Отправной точкой конфликта здесь служит характерное для всех шекспировских героев представление: «Люди правят своей судьбою» (Кассий — Бруту, I, 2). Этим и руководствуется стоик Брут, ибо человек долга должен исходить из такого представления. Для всех окружающих обаяние Брута именно в том, что он до конца верен этому высокому представлению, верен долгу, верен себе; «Живой иль мертвый, он всегда Брут» (V, 4); у его трупа на поле битвы признают даже враги, что и в смерти «Брут самим собою побежден» (V, 5).
Среди всех протагонистов трагедий Брут поэтому нравственный по преимуществу герой (вот уж о чем мы меньше всего думали в «природной» ситуации «Ромео и Джульетты»!). В Бруте как бы аккумулировано гражданское сознание всех героев трагедий 600-х годов. Единственная страсть Брута, ради которой он, подобно жене своей Порции, проглотил бы и пылающие угли, — свобода Рима. В этом характерно-«римский», классически-гражданский колорит героя-республиканца — по крайней мере, таким в веках представляется «подлинный римлянин» читателям Плутарха.
Но в законченно «римском» облике Брута тем самым есть и оттенок, резко отличающий его от героев поздних трагедий, в том числе двух других римских. В поступках Брута нет противопоставления себя миру (Риму), нет провозглашения особого своего права судить мир, индивидуалистического начала, нет собственного начала личности как прав личности, в том числе ее прав против общества. Нравственный поступок поэтому не может здесь перейти в проступок, в преступление — по крайней мере, в глазах самого героя, последовательного республиканца. Если бы потребовалось, Брут все повторил бы с самого начала, ему не в чем себя упрекать — вот чего нельзя сказать ни о ком из трагедийных героев позднейших. Дело не только в том, что Брут защищает не личное свое дело, что он во главе политической партии, за которой стоят исконные права Рима, но и в том, что, восставая против нынешних нравов, против цезаревского Рима, он объективно в единстве с традиционно-истинным Римом и стоически должен так поступить — весь истинный Рим ждет от честного Брута именно такого поведения; об этом ему напоминают республиканцы, за это ему воздают должное и цезарианцы. В свободном поступке защитника свободы еще нет своеволия, нет свободы как нарушения извечного миропорядка. Разлад с «временем», с временными нравами (дурными нравами века Цезаря!) еще не перешел у героя в принципиальный разлад с Римом — Брут все еще хочет (и должен!) видеть в римлянах римлян, на этом и основана его речь на форуме и вся его тактика. Брут не может дойти до асоциального разрыва с Римом, как позднее у Шекспира римлянин Кориолан.

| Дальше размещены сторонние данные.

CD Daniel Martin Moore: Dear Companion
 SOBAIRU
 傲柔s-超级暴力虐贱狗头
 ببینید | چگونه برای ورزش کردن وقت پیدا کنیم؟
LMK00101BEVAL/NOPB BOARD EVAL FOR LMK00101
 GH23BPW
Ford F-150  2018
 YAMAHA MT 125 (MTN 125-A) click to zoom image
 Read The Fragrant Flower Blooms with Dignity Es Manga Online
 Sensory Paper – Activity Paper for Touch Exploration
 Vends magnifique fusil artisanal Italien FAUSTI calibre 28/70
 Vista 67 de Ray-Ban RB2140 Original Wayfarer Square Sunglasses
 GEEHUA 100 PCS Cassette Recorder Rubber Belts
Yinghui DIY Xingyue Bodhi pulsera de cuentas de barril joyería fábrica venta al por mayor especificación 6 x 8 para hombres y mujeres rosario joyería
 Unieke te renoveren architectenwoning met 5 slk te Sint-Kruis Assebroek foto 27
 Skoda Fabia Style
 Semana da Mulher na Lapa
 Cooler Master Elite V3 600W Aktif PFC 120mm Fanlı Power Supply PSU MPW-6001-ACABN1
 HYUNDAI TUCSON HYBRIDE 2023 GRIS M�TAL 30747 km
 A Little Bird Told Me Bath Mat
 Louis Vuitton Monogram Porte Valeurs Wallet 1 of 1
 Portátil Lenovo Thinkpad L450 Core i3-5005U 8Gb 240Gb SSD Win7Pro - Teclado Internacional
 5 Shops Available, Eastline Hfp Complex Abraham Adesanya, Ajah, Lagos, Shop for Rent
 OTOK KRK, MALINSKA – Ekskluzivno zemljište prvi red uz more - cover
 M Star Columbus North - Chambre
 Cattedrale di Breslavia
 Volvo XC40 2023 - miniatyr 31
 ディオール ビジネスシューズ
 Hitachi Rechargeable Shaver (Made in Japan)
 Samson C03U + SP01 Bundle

Эпическая цельность Брута мотивирована органически римским характером героя, для окружающих отнюдь не «своеобычным» по своему пафосу, а нормальным, естественно-римским, реально-«должным» характером — как и сама философия Брута, стоицизм, естественная официальная философия гражданских добродетелей в республиканском Риме. Кардинальное отличие реалистического образа политика-«идеалиста» у Шекспира от идеальных энтузиастов Шиллера — от Карла Моора; который (с первой сцены!) ставит себе в пример «великих людей древности милого Плутарха» (и среди них в первую очередь, конечно, Марка Брута), или от маркиза Позы, «гражданина веков грядущих» — видно и в сцене смерти шекспировского героя. Умирая, Брут прощается с достойными своими согражданами, сердечно радуясь тому, что «ни разу в жизни не встречал людей, ему изменивших». Он знает, что в веках этот день его прославит больше, чем Октавия и Антония с их «победой низкой», он верит, что потомство будет с ним, Брутом (V, 5). Он умирает, как жил, — в единстве с идеальным, уходящим в прошлое, но для Брута все еще подлинным, реальным, настоящим, вечно настоящим Римом, Вечным городом, — этого не дано никому из героев позднейших трагедий.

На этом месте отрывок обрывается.